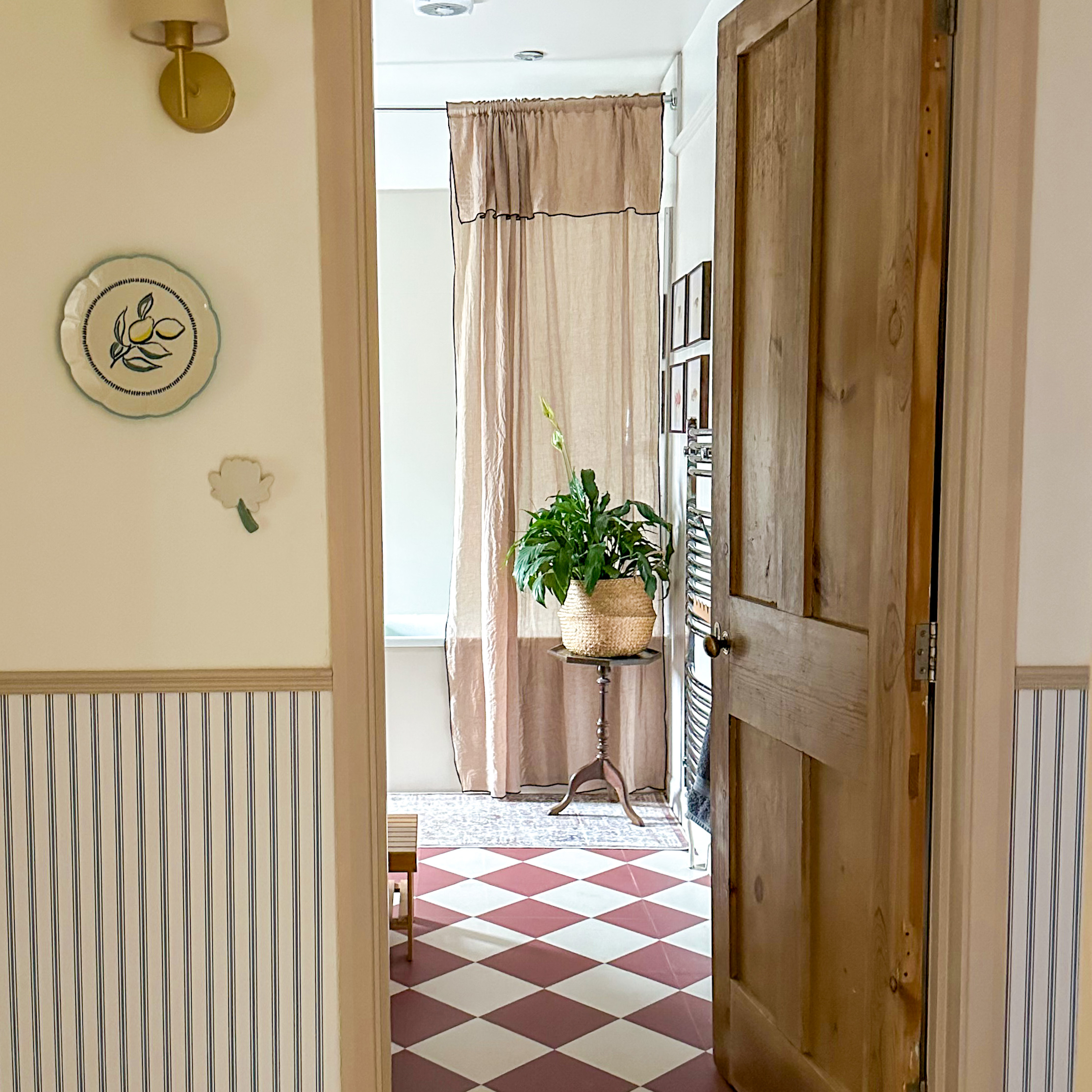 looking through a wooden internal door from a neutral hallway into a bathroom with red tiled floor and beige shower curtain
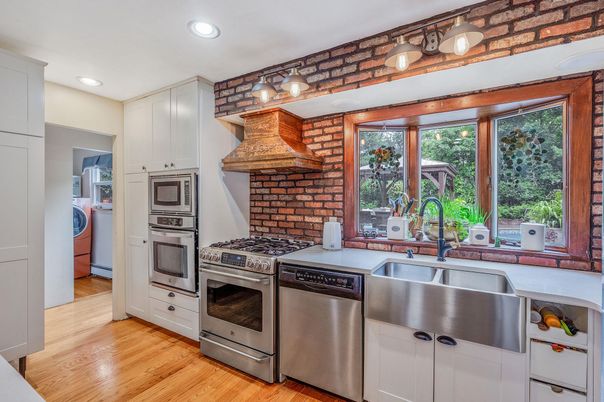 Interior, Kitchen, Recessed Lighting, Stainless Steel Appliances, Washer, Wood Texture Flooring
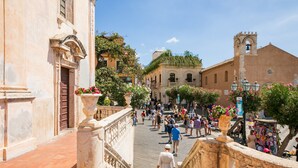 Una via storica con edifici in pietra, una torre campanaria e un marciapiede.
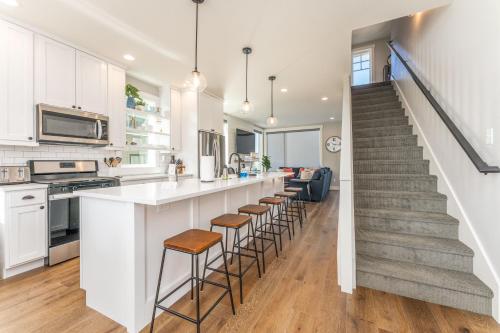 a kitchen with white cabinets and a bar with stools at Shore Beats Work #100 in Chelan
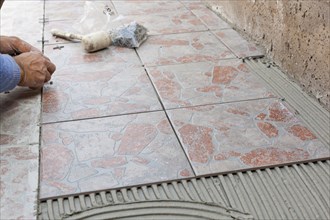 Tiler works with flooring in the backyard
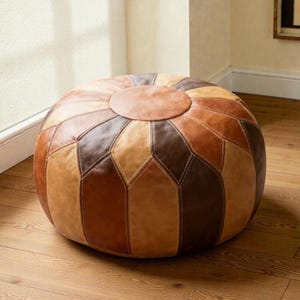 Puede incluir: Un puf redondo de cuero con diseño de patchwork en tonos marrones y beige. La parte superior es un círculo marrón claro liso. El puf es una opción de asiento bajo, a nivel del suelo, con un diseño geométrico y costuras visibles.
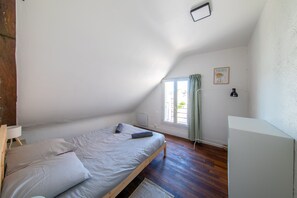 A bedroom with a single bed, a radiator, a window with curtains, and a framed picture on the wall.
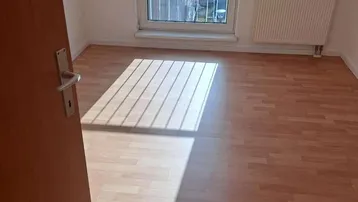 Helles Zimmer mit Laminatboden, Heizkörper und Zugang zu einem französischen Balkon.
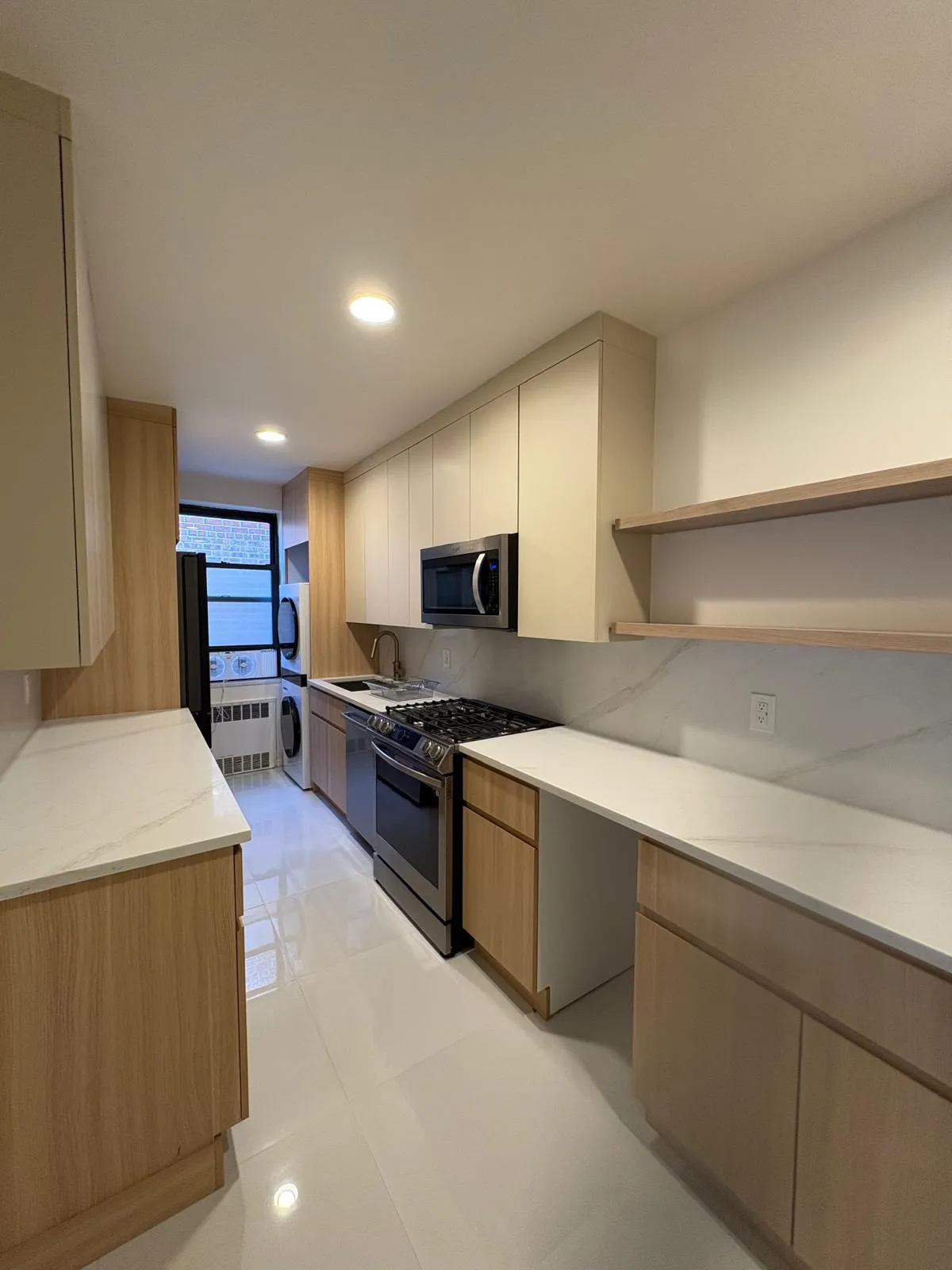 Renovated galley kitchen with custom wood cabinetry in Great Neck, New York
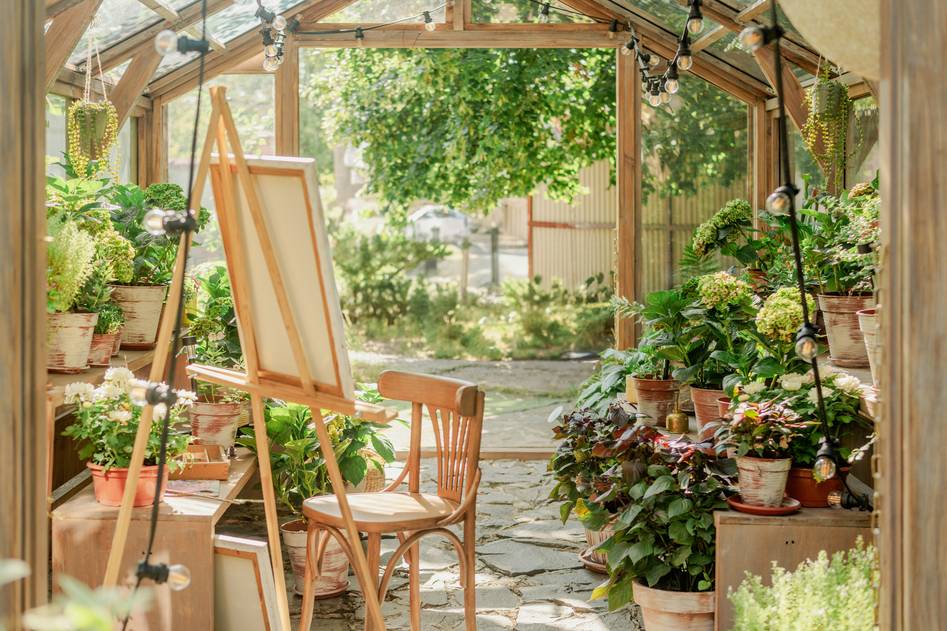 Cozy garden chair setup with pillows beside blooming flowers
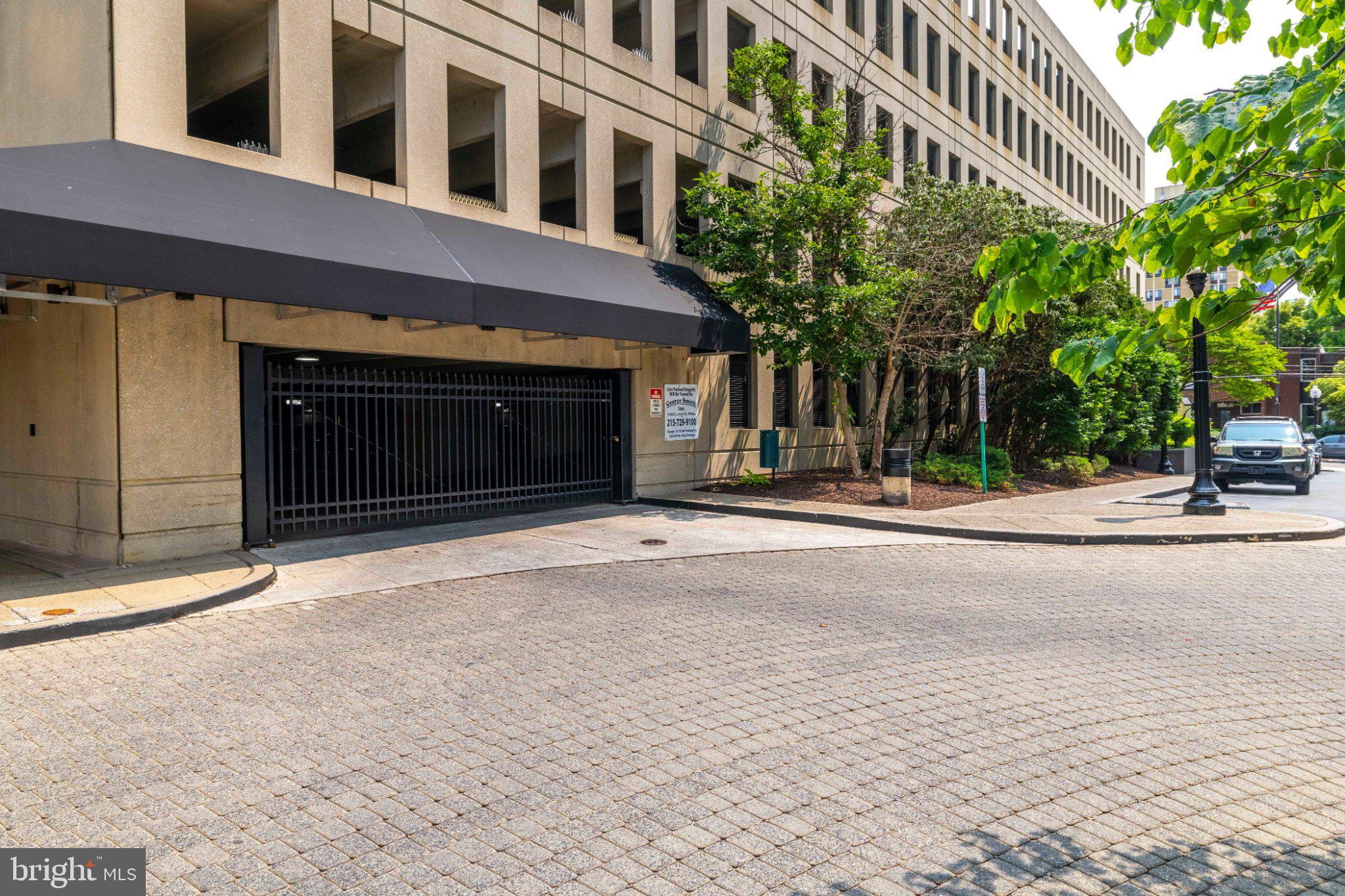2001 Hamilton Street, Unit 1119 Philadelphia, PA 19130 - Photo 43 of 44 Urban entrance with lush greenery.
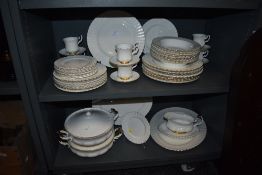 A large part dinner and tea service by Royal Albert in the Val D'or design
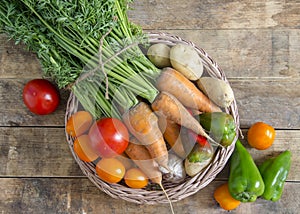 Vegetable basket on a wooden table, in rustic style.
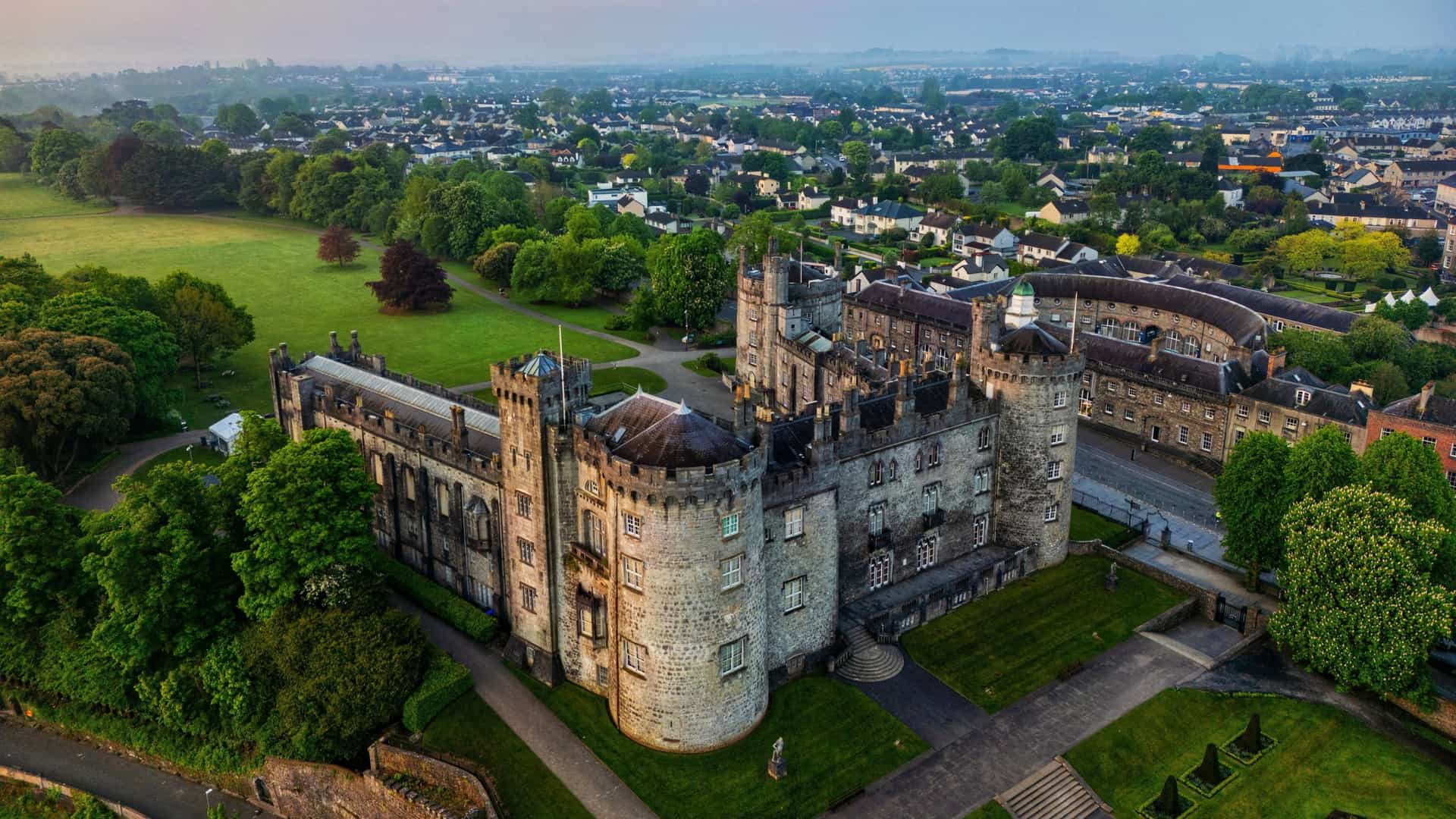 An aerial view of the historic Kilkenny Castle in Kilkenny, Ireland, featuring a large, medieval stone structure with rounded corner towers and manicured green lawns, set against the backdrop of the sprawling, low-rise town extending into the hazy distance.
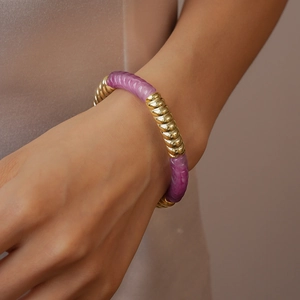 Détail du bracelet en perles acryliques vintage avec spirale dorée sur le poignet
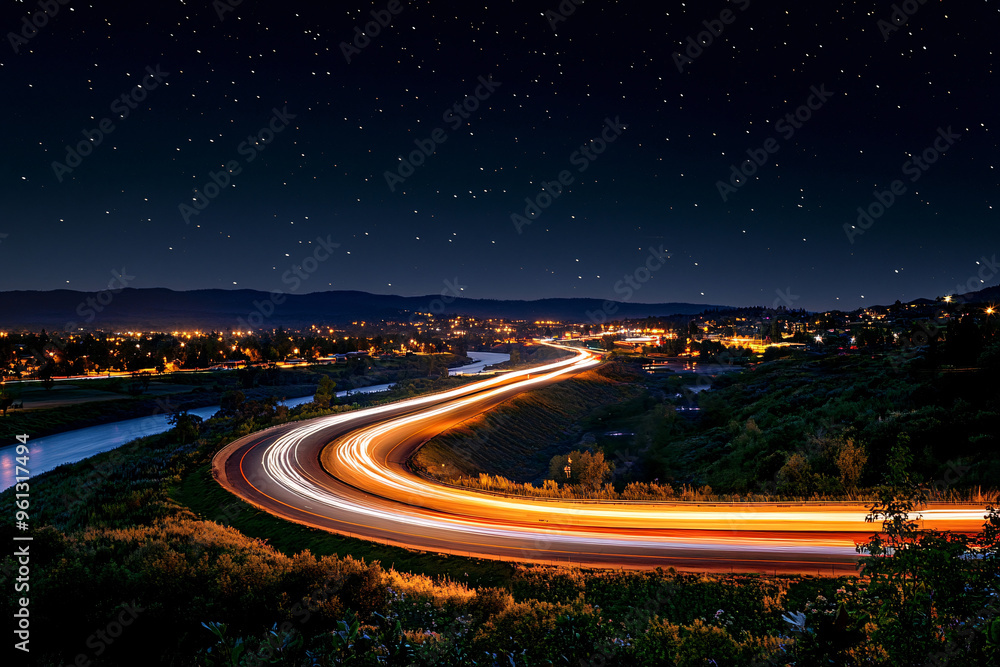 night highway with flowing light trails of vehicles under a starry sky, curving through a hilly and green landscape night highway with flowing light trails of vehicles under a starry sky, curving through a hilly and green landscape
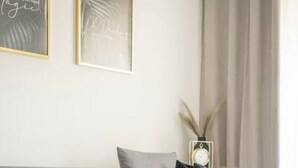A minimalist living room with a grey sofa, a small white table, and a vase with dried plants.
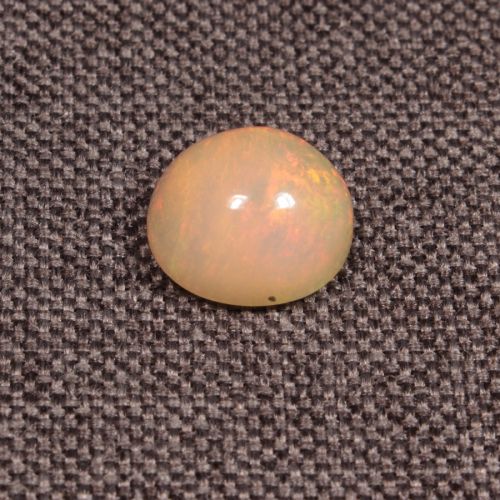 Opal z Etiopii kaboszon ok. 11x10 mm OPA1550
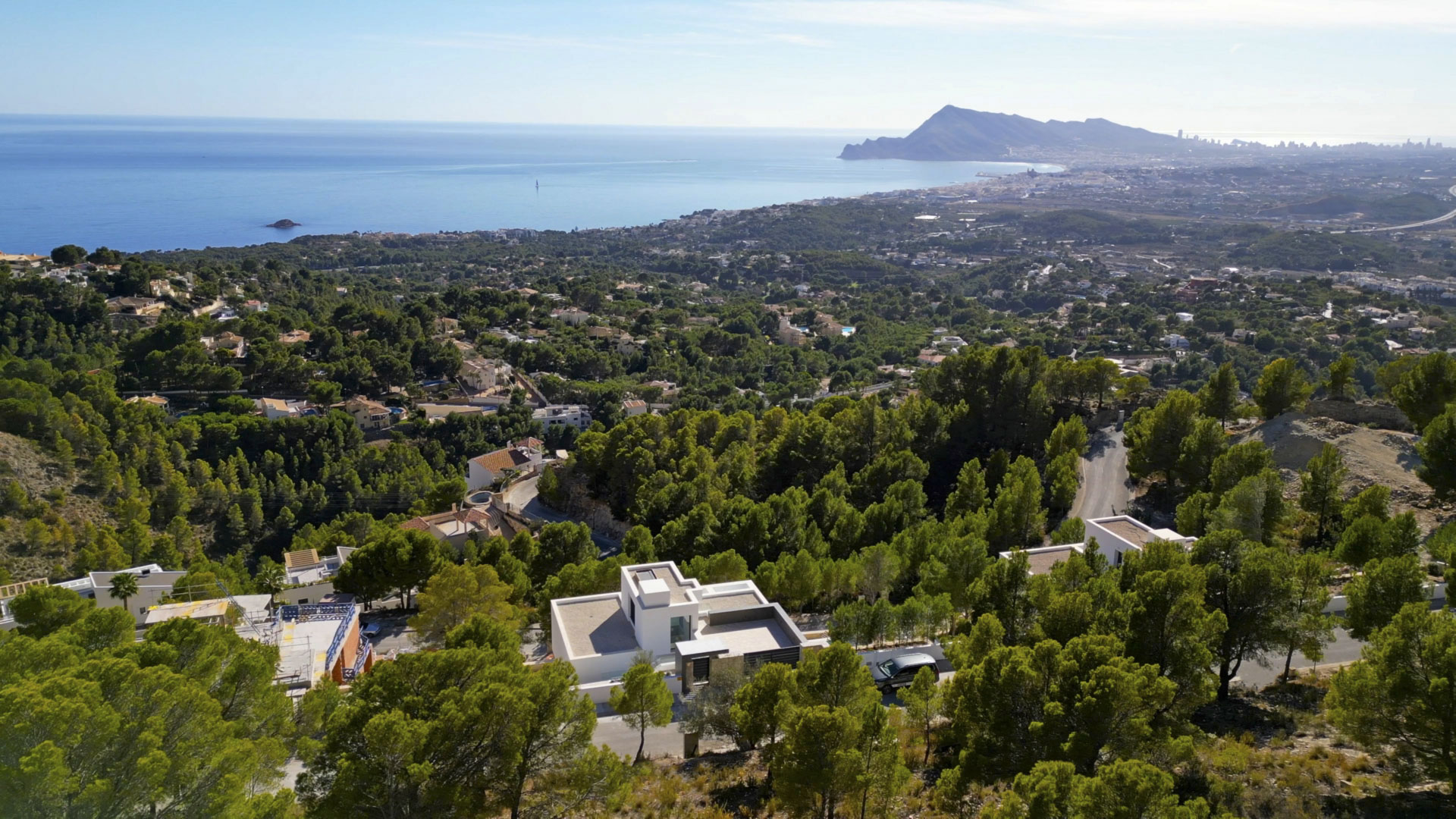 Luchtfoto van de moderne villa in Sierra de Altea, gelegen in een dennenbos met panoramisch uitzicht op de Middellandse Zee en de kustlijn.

◆ ◆ ◆ ◆ ◆

**THE TASK**. Reproduce each entry precisely. Leave the pictures out.

**PROBLEM SOLUTION**.
 looking through a wooden internal door from a neutral hallway into a bathroom with red tiled floor and beige shower curtain
 Interior, Kitchen, Recessed Lighting, Stainless Steel Appliances, Washer, Wood Texture Flooring
 Una via storica con edifici in pietra, una torre campanaria e un marciapiede.
 a kitchen with white cabinets and a bar with stools at Shore Beats Work #100 in Chelan
 Tiler works with flooring in the backyard
 Puede incluir: Un puf redondo de cuero con diseño de patchwork en tonos marrones y beige. La parte superior es un círculo marrón claro liso. El puf es una opción de asiento bajo, a nivel del suelo, con un diseño geométrico y costuras visibles.
 A bedroom with a single bed, a radiator, a window with curtains, and a framed picture on the wall.
 Helles Zimmer mit Laminatboden, Heizkörper und Zugang zu einem französischen Balkon.
 Renovated galley kitchen with custom wood cabinetry in Great Neck, New York
 Cozy garden chair setup with pillows beside blooming flowers
2001 Hamilton Street, Unit 1119 Philadelphia, PA 19130 - Photo 43 of 44 Urban entrance with lush greenery.
 A large part dinner and tea service by Royal Albert in the Val D'or design
 Vegetable basket on a wooden table, in rustic style.
 An aerial view of the historic Kilkenny Castle in Kilkenny, Ireland, featuring a large, medieval stone structure with rounded corner towers and manicured green lawns, set against the backdrop of the sprawling, low-rise town extending into the hazy distance.
 Détail du bracelet en perles acryliques vintage avec spirale dorée sur le poignet
 night highway with flowing light trails of vehicles under a starry sky, curving through a hilly and green landscape night highway with flowing light trails of vehicles under a starry sky, curving through a hilly and green landscape
A minimalist living room with a grey sofa, a small white table, and a vase with dried plants.
 Opal z Etiopii kaboszon ok. 11x10 mm OPA1550
 Luchtfoto van de moderne villa in Sierra de Altea, gelegen in een dennenbos met panoramisch uitzicht op de Middellandse Zee en de kustlijn.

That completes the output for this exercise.